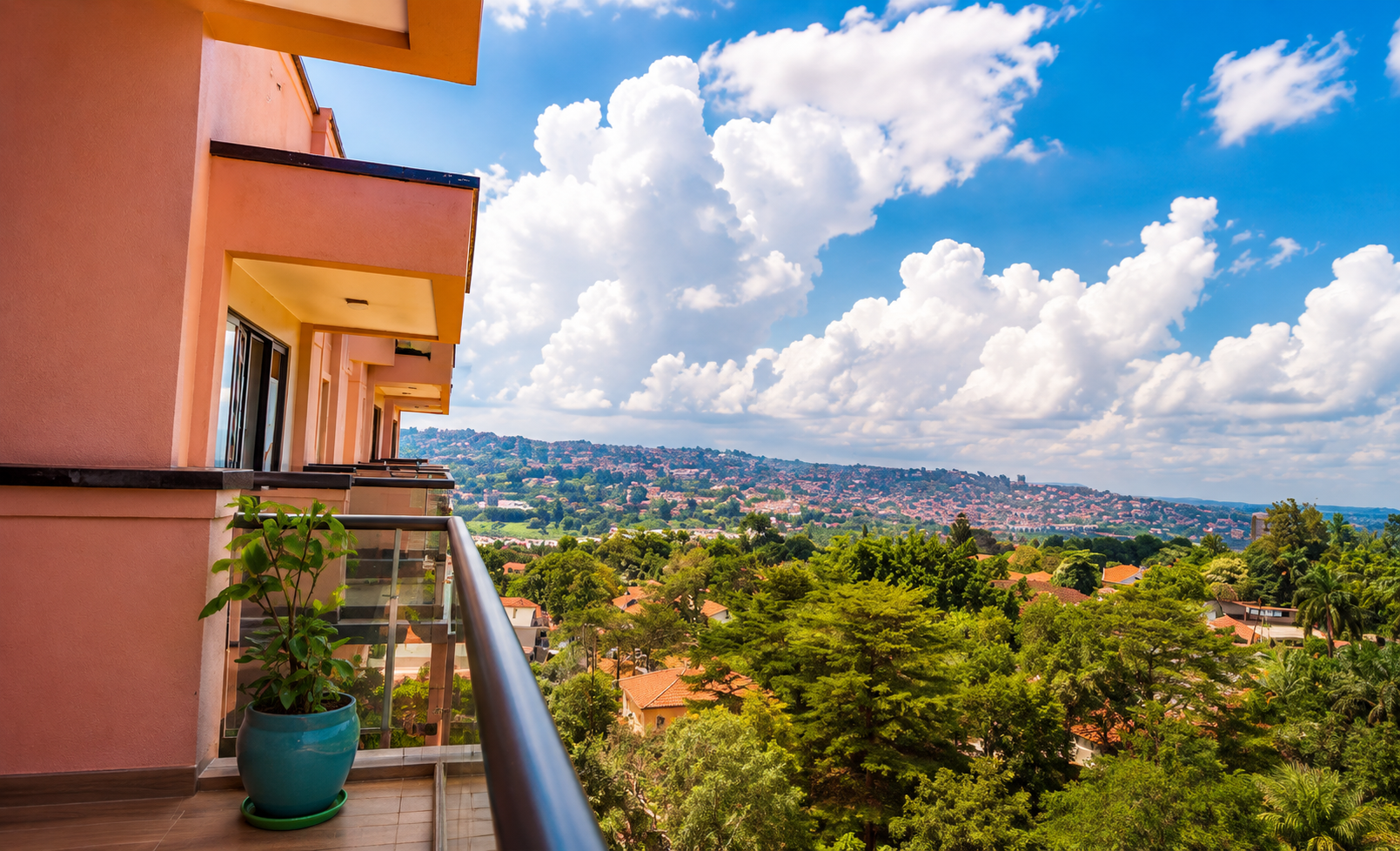 Abrish Hotel panoramic Kampala view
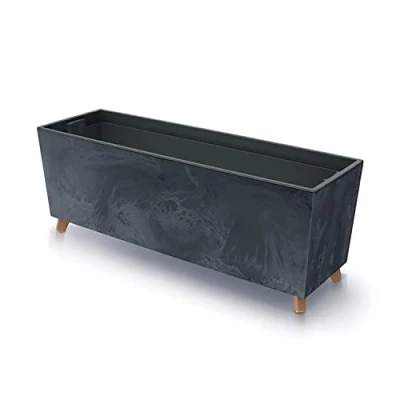 Afbeelding van Prosperplast Bloempot Urbi Case Beton Effect Antraciet 770x235x300mm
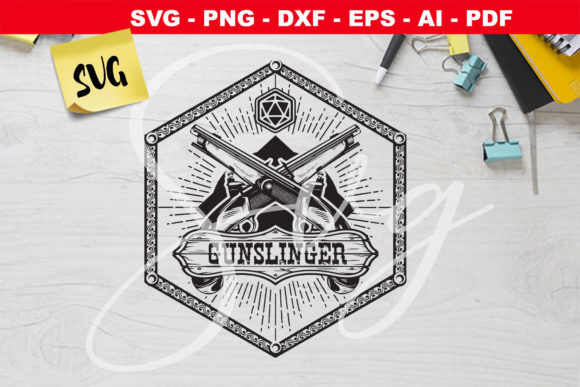 Enhance Your Gaming Experience with RPG Gunslinger Svg and Hexagon Dice Box Designs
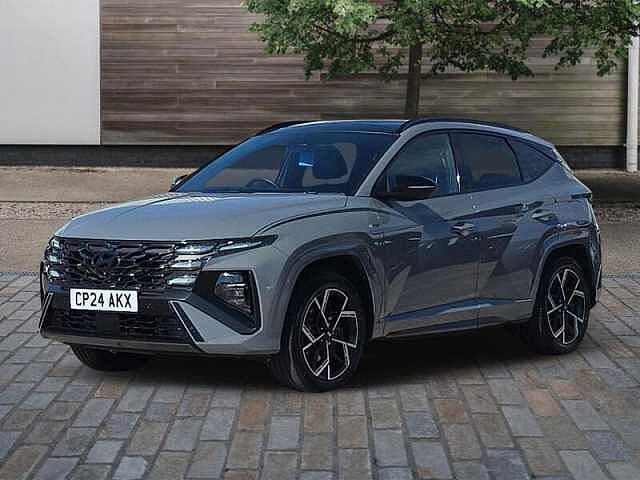 Hyundai TUCSON 1.6T-GDi 13.8kWh Plug-in Hybrid N Line S 5dr Automatic 4WD Grey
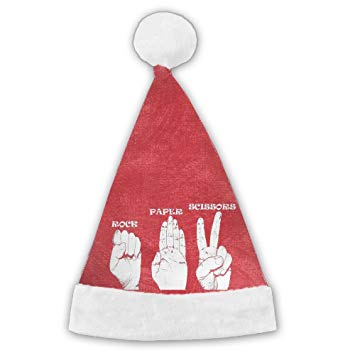 355x355 Rock Paper Scissors Hand Sketch Cool Christmas Hat - Santa Claus Hat Sketch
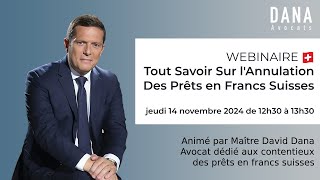 Tout savoir sur lannulation des prêts immobiliers en francs suisses 1 [upl. by Skees]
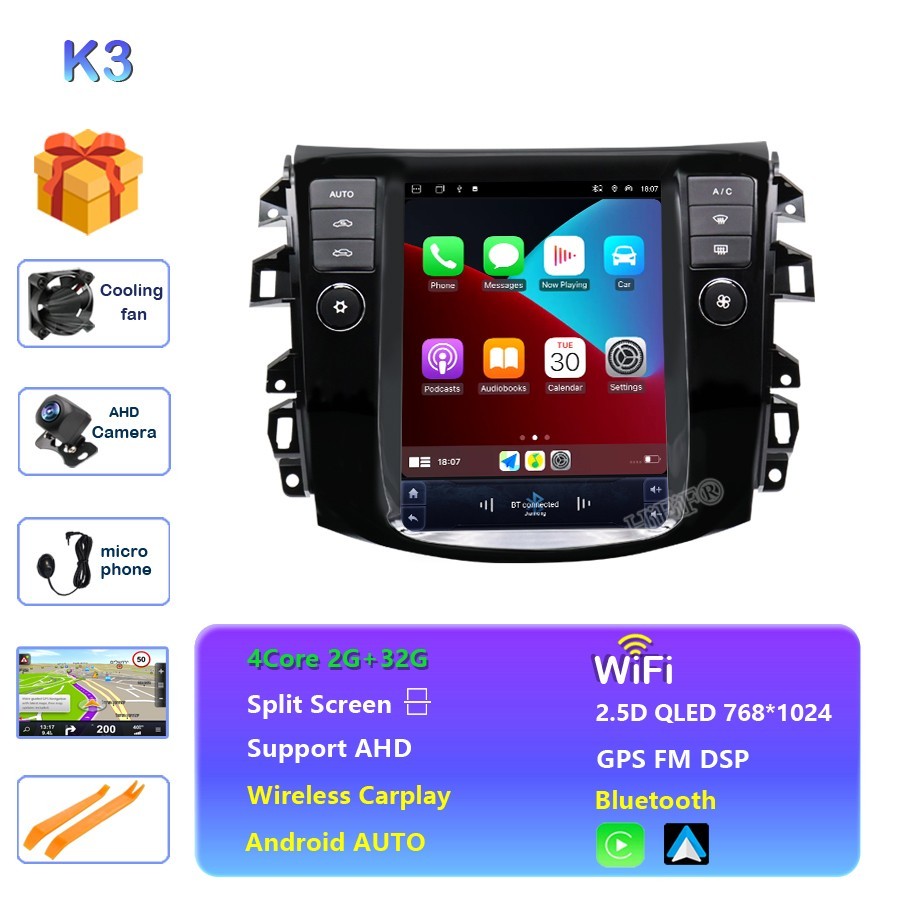 Android 15 Carplay Car Stereo Radio GPS Navi For Nissan NAVARA NP300 2016-2022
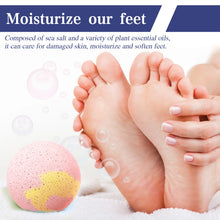 Load image into Gallery viewer, Bubble Bath Ball Flowers Scent Body Bathing Cleaning Relaxing Natural Herbal Essential Oil Anti Dry Cracking Foot Spa
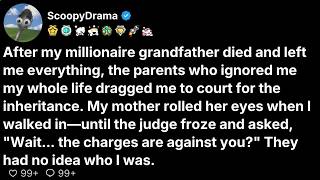 Full After my millionaire grandfather died and left me everything, the parents who ignored me.... News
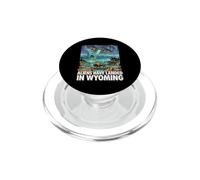 UFO Landing dans Le Wyoming Wild West PopSockets PopGrip pour MagSafe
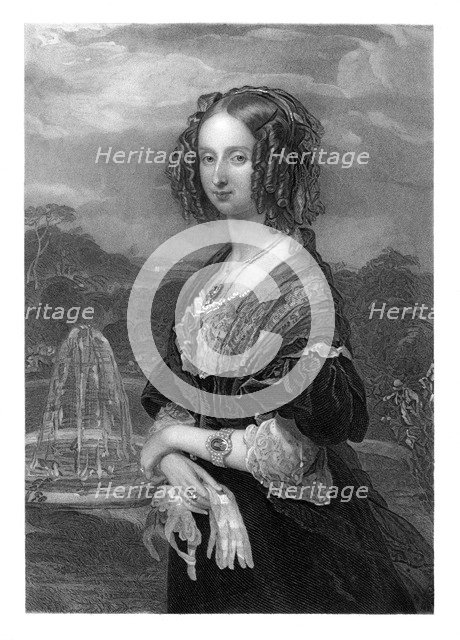 Louise-Marie, Queen of the Belgians.Artist: H Robinson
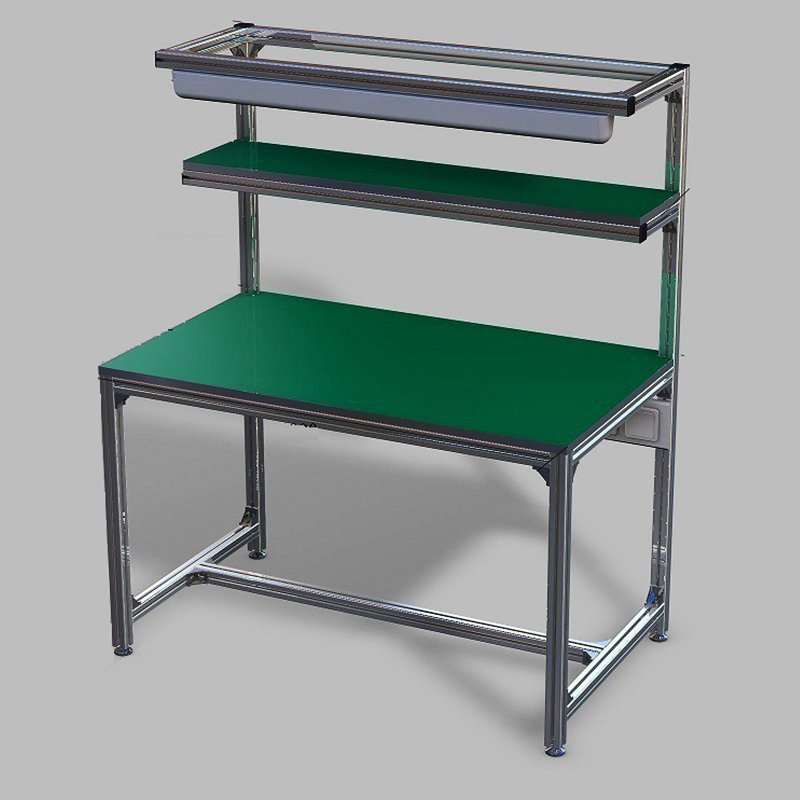 ESD Loading Aluminium Alloy Pipe Workbench Removable Custom Shelves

****************************************

■ **EXERCISE INSTRUCTIONS**
Verbatim output of the entries is required, with each image left out.

■ **RESULT OF THIS EXERCISE**
 Abrish Hotel panoramic Kampala view
 Afbeelding van Prosperplast Bloempot Urbi Case Beton Effect Antraciet 770x235x300mm
 Enhance Your Gaming Experience with RPG Gunslinger Svg and Hexagon Dice Box Designs
 Hyundai TUCSON 1.6T-GDi 13.8kWh Plug-in Hybrid N Line S 5dr Automatic 4WD Grey
 355x355 Rock Paper Scissors Hand Sketch Cool Christmas Hat - Santa Claus Hat Sketch
 Tout savoir sur lannulation des prêts immobiliers en francs suisses 1 [upl. by Skees]
 Android 15 Carplay Car Stereo Radio GPS Navi For Nissan NAVARA NP300 2016-2022
 Load image into Gallery viewer, Bubble Bath Ball Flowers Scent Body Bathing Cleaning Relaxing Natural Herbal Essential Oil Anti Dry Cracking Foot Spa
 Full After my millionaire grandfather died and left me everything, the parents who ignored me.... News
 UFO Landing dans Le Wyoming Wild West PopSockets PopGrip pour MagSafe
 Louise-Marie, Queen of the Belgians.Artist: H Robinson
 ESD Loading Aluminium Alloy Pipe Workbench Removable Custom Shelves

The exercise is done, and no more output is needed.